"Non Scolae sed Vitae discimus!" Dies ist ein Bestandteil der Weisheit, die man uns mit Löffeln immer wieder um die Ohren schlug.
Als wir noch in die Schule gingen, also zu der Zeit, als wir noch unschuldig waren, drohte man mit dem bösen schwarzen Mann, wenn wir unseren Spinat nicht essen wollten. Später wurde dann etwas anders zum Buhmann - nämlich das Leben, bzw. sein Ernst.
Der kurze Moment, in dem sich der Mund zu einer Erwiderung öffnete, wurde stets dazu genutzt, den nächsten Löffel tief in den Rachen zu stoßen.
Schließlich sollte es einem einmal besser gehen, auch gegen seinen eigenen Willen.
Doch wie sieht das Leben aus, für das wir in der Schule lernen?
Zur Beantwortung dieser Frage sollte man ruhig mal einen Blick in die Schulbücher riskieren. Da tauchen dann so wichtige Begriffe wie zum Beispiel ...
Restriktionsnuklease, Katakaustik, Homöostase, Sinus Hyperbolikus, Infinitessimalrechnung oder die Lunar-Periodizität des Samoa-Palolo-Wurms, auf.
Merke: "Wir lernen nicht für die Schule, sondern für's Leben."
Und ich sehe ihn, der Versuchte, möglichst viel und möglichst gut fürs Leben zu lernen. Ob er sich wohl schon freut, das Leben endlich zu leben? Natürlich wird er es im Leben einfach haben, insofern es aus Integralen, Differentialen, beschleunigten Elektronen, Bohnen- und Kaninchenkreuzungen bestehen wird.

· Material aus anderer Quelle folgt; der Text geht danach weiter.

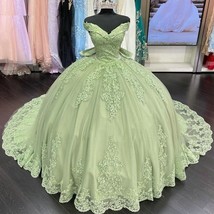 Beautiful Mint Green Bow Back Appliques Lace Quinceanera Dress Ball Gown Off The - £458.64 GBP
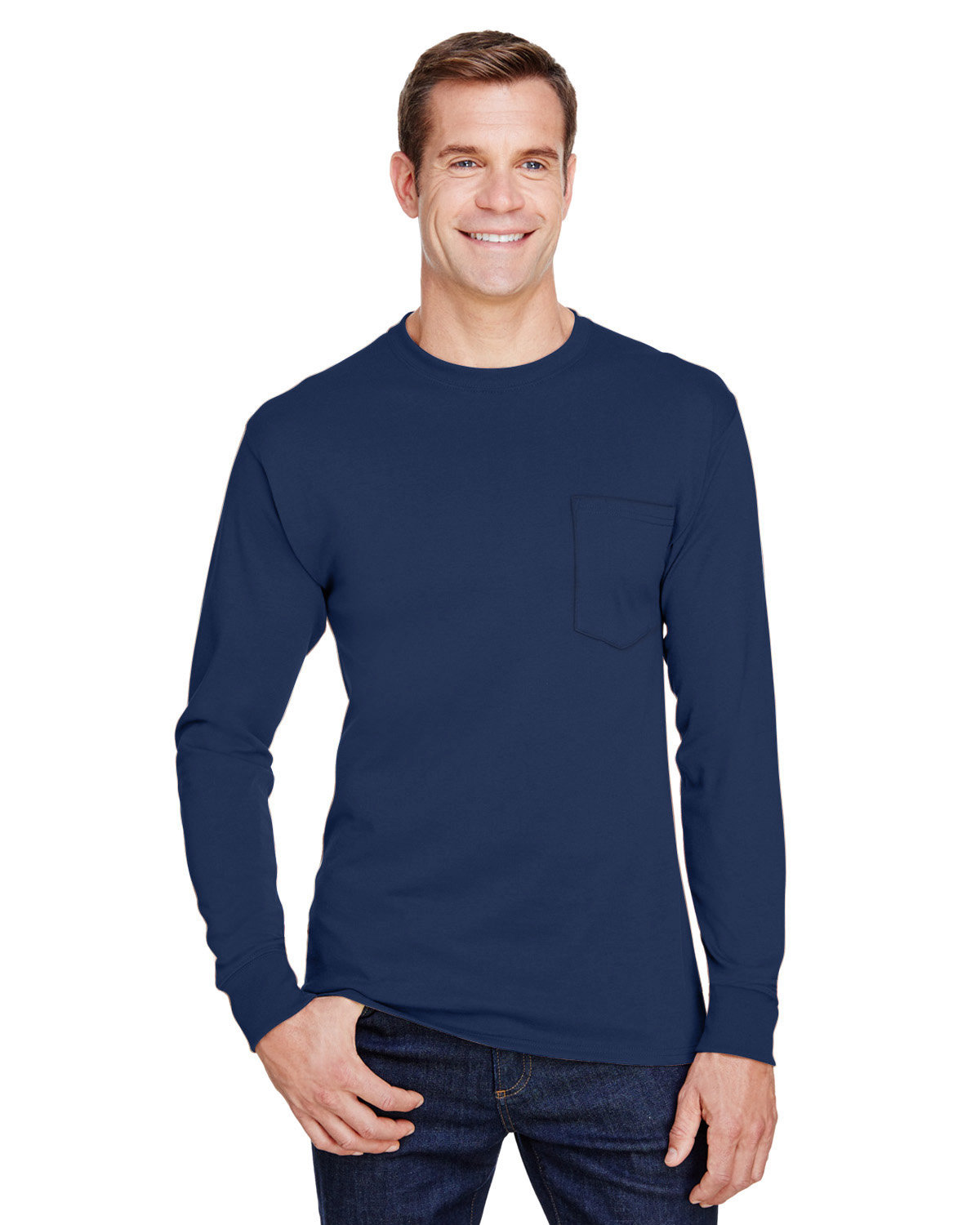 Hanes Adult Workwear Long-Sleeve Pocket T-Shirt | alphabroder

Aus unschuldigen Schülern werden Fachkräfte für Industrie und Handel gemacht.
Jeder, der unser Schulsystem durchlaufen hat, ist in der Lage, aktiv am Berufsleben teilzunehmen und hat auch die Möglichkeit eines nicht unerheblichen Verdienstes.

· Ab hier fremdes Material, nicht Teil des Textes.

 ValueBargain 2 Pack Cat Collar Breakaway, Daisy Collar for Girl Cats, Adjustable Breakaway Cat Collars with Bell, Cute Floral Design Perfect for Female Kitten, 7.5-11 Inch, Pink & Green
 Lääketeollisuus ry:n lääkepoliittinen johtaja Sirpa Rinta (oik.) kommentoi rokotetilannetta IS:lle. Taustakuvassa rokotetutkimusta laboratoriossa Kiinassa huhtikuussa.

Einige werden wahrscheinlich selbst Forschung betreiben und neue Technologien entwickeln helfen. Wir haben alle Fähigkeiten erworben, die wir nun anzuwenden aufgerufen sind.

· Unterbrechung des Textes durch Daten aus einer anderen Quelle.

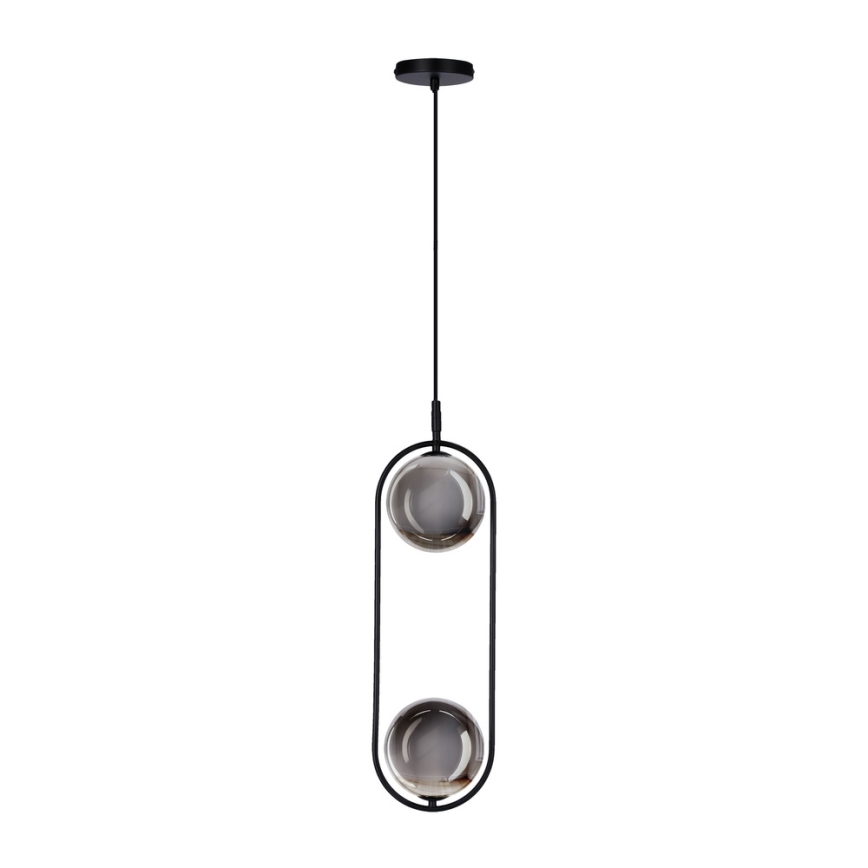 Lámpara colgante CORDEL 2xG9/28W/230V negro/negro ahumado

Doch wer hat uns gelehrt, wie man mit der Verantwortung umgeht, die unsere Stellung im Beruf mit sich bringt?
Viele sehen doch trotz beängstigender Umweltzerstörung und schleichender Verwahrlosung der ethischen Grundsätze in der Gesellschaft das Hauptziel ihrer Arbeit in der Gewinnmaximierung.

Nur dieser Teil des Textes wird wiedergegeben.